Our setup is
1 x Mellanox MX354A Dual port FDR CX3 adapter w/1 x QSA adapter
1 x Xeon E5-2450 processor (8 cores, 2.1Ghz)
16GB Memory (4 x 2GB RDIMMs, 1.6Ghz)
We have 4-node cluster, and all of them are server and client at the same time.
When write, a node split data into 4 pieces and concurrently write to 4 nodes.
When read, a node read from 4 nodes.
We expect it scales with the number of multiple clients.
when a node is reading, it can get 6.4 GB/s bandwidth
but when 2 nodes are reading, both only get 5GB/s each, although aggregated bandwidth is enough.
There's only 1 CPU, no NUMA discrepancy arises.
Concerned possible NIC cache misses, measured PCIe Read using pcm-pcie.
Simply PCIe read cannot scale with increasing number of clients even if its bandwidth is actually much higher.

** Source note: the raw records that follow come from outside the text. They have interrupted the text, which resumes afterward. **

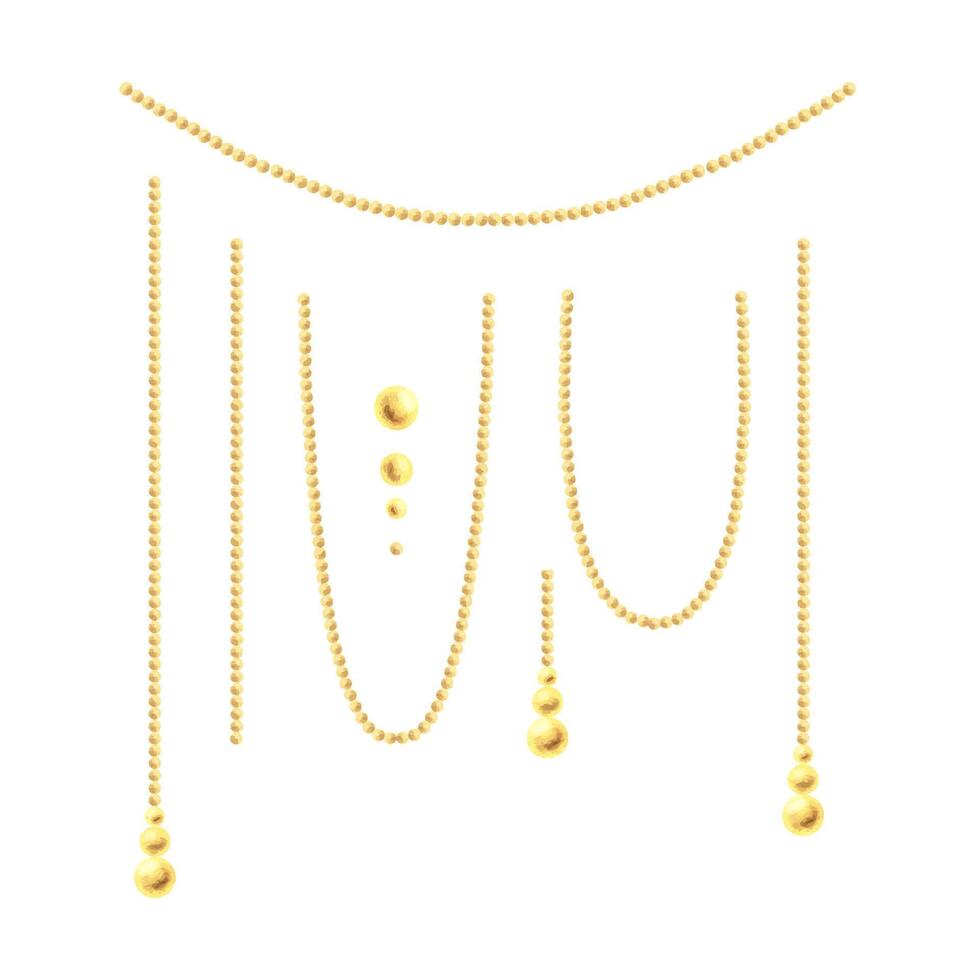 Elegant golden hanging chains, beads, and strings. Hand-painted watercolor illustration elements perfect for luxury holiday designs, branding, and decor. New Year, Christmas Illustration vector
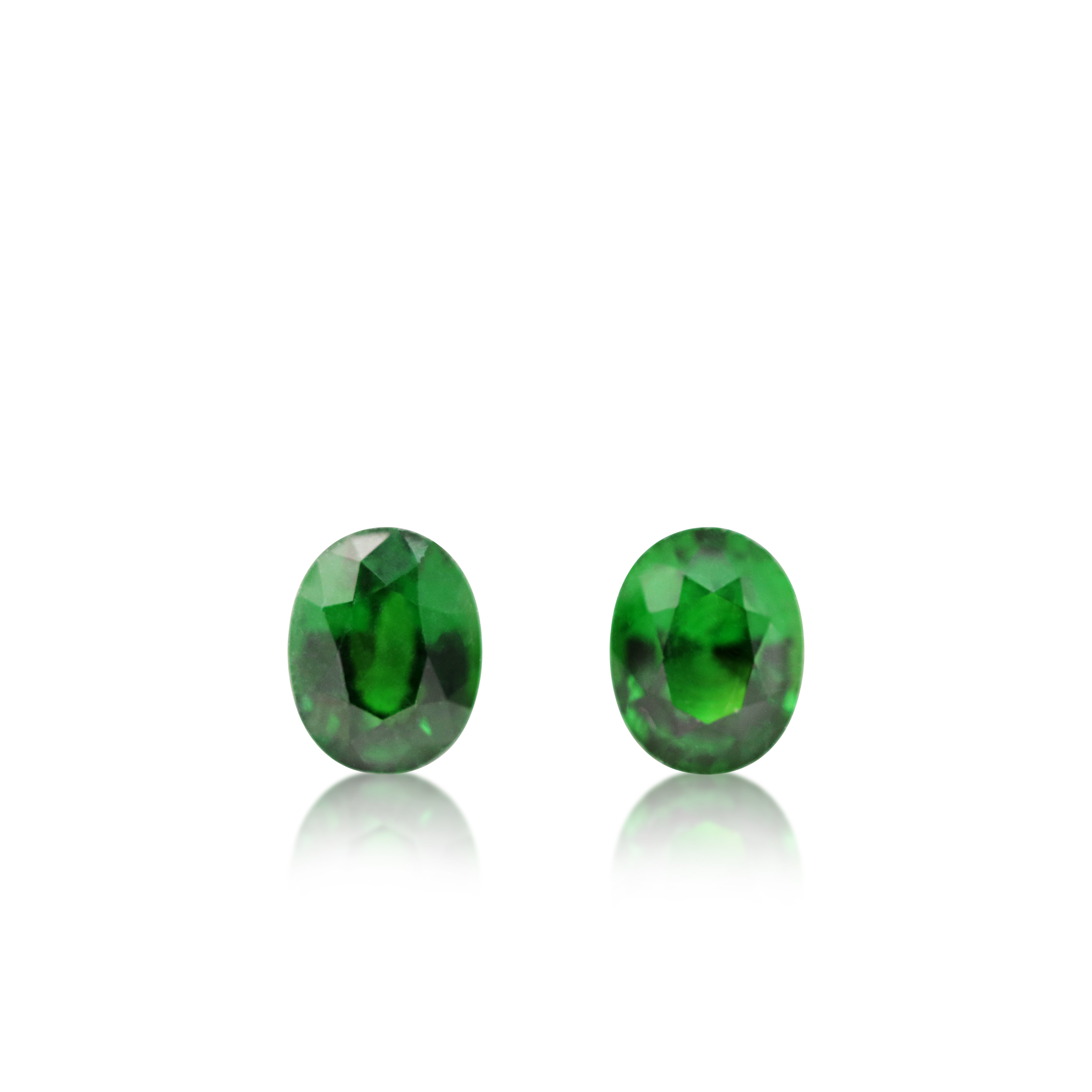 2 = 2.07ct Deep Green Oval cut Tourmaline Matching Pair
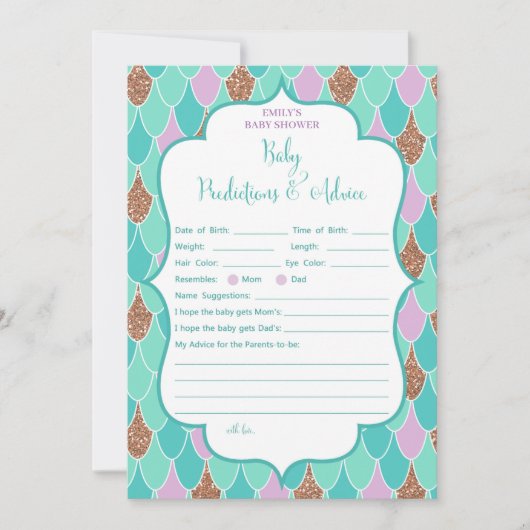 Purple Aqua Mermaid Baby shower Invitation de jeu (Devant)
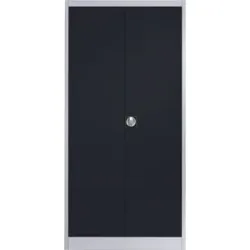 Stahlschrank mit Flügeltüren, 4 Fachböden, T 500 mm, weißaluminium / anthrazitgrau mauser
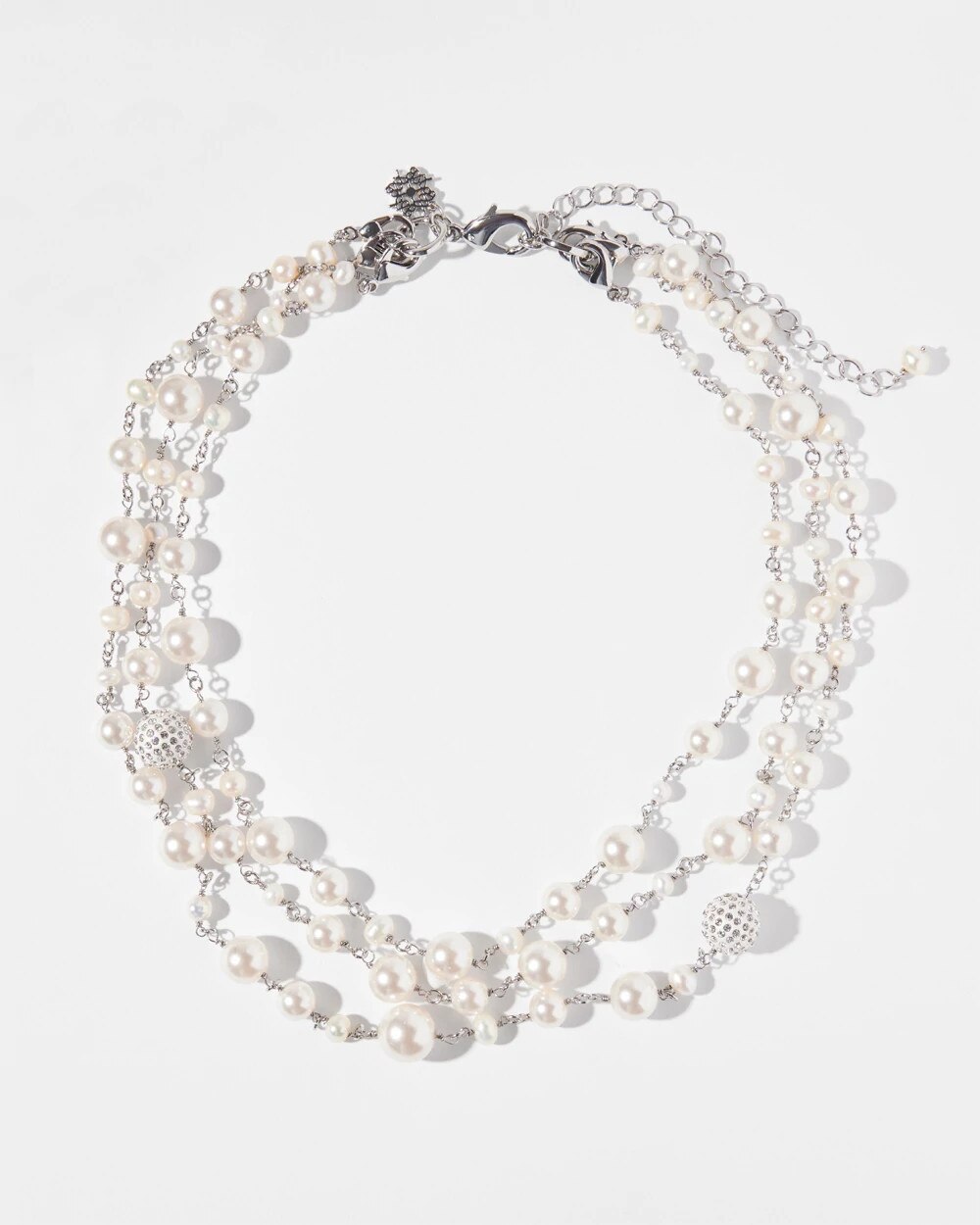 Multi Pearl Strand Necklace White w Silver
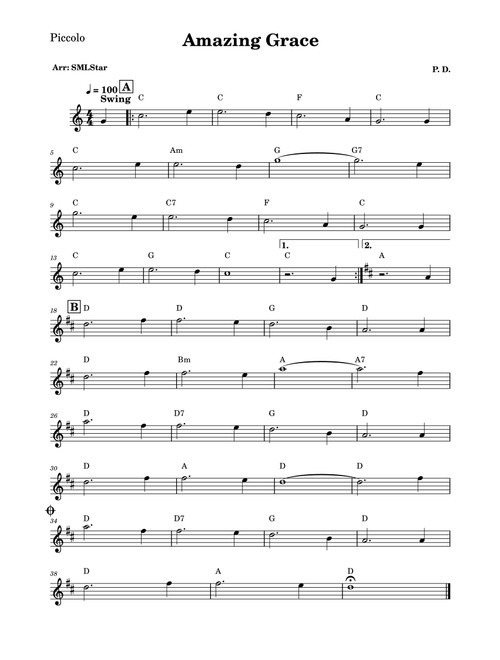 Amazing Grace (Arr. SMLStar) - P D (Flute Solo)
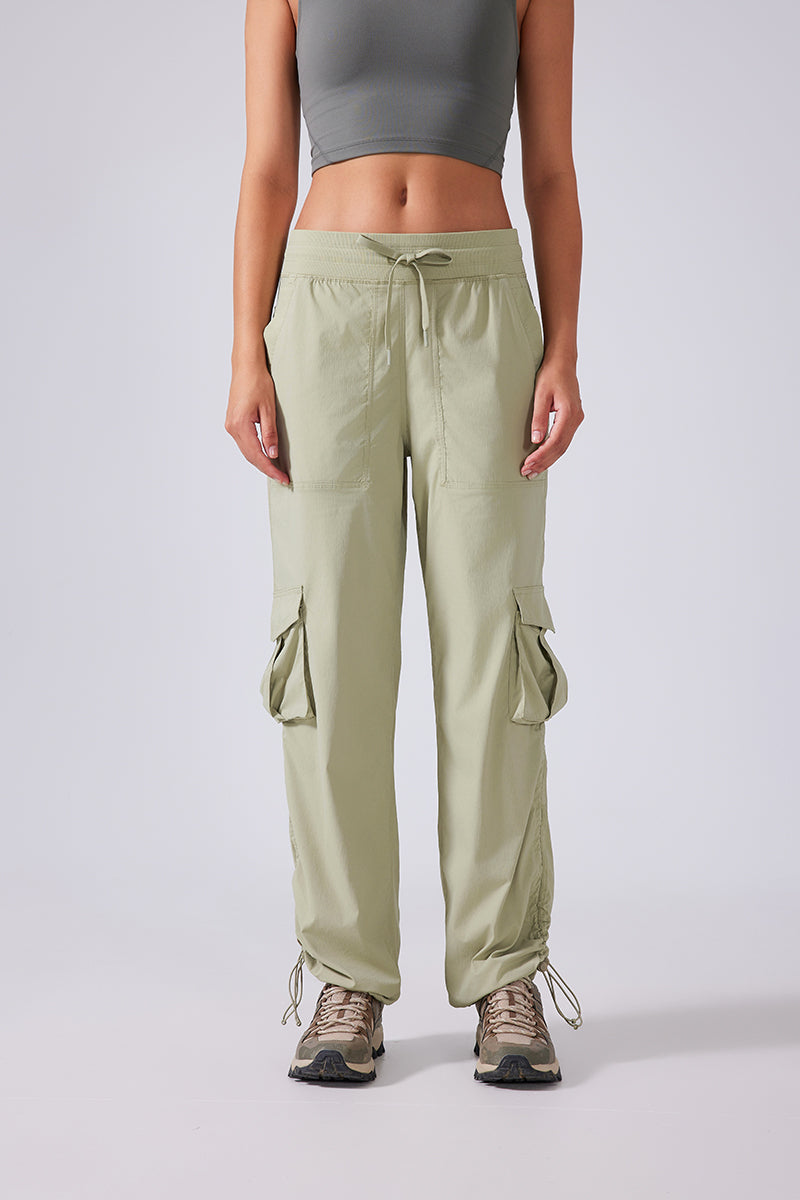 Women Lightweight Quick Dry Multi-Pocket Outdoor Running Sports Fitness Workwear Wide Leg Casual Pants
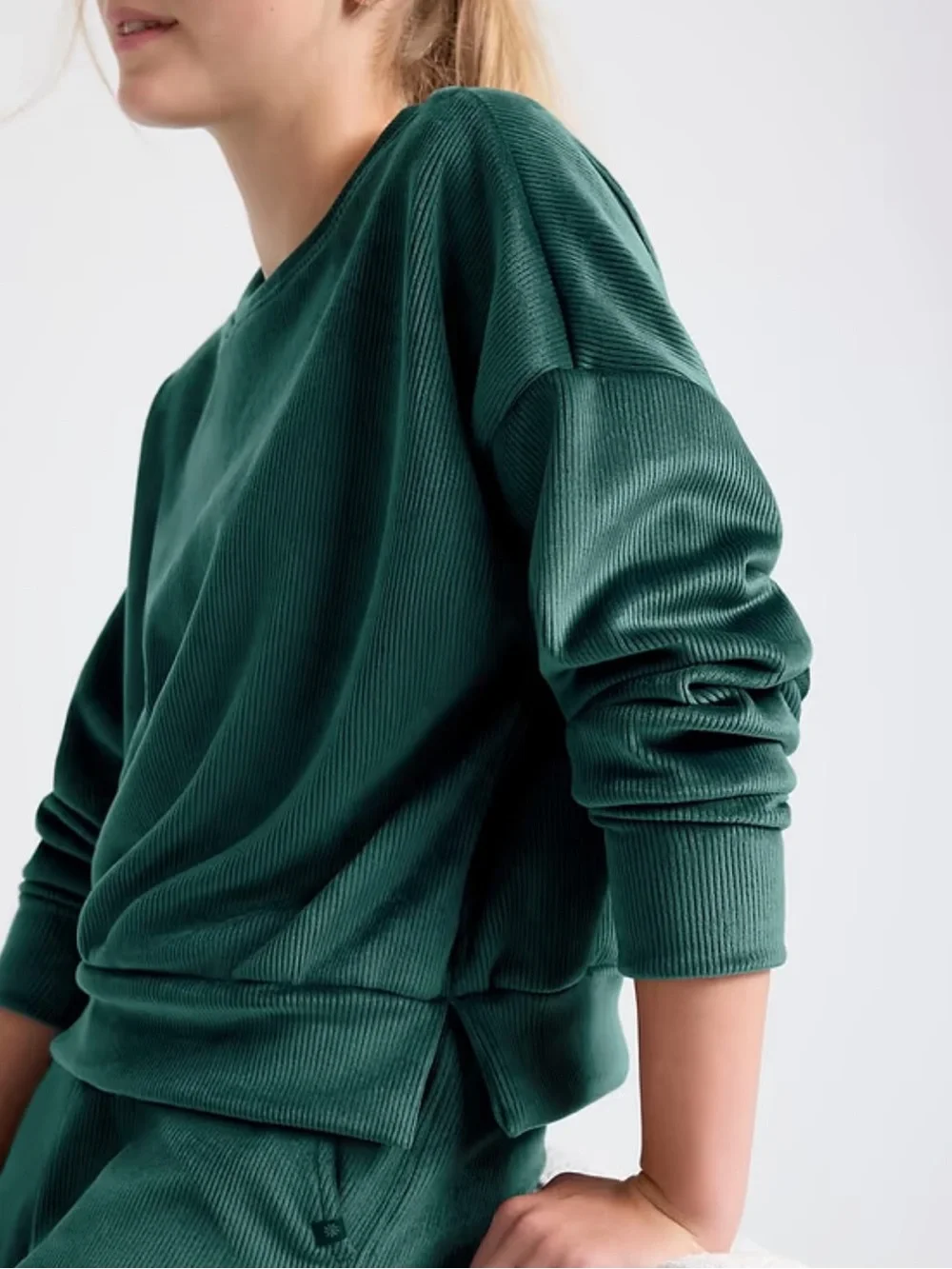 Athleta Girl Cozy Rib Pine Green Crewneck Sweatshirt Size XS/6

There must be contention when multiple connections(QPs) read from a single server.
Please Mellanox, can you pinpoint the root cause and possible solution for multiple-client scalability?
It might be useful if you can transform your test description to something that uses ib_read_bw/ib_write_bw or iperf (if you are using TCP) and show what is the output.
Can you see any drops in 'ethtool -S' output or device statistic ( ifconfig, ip)?
Does the sender use 1 CPU when writing to two different clients? Or, in other words, does he use the same thread?
You might check what is the output of 'mlnx_perf' command, however you need Mellanox OFED installed on the host.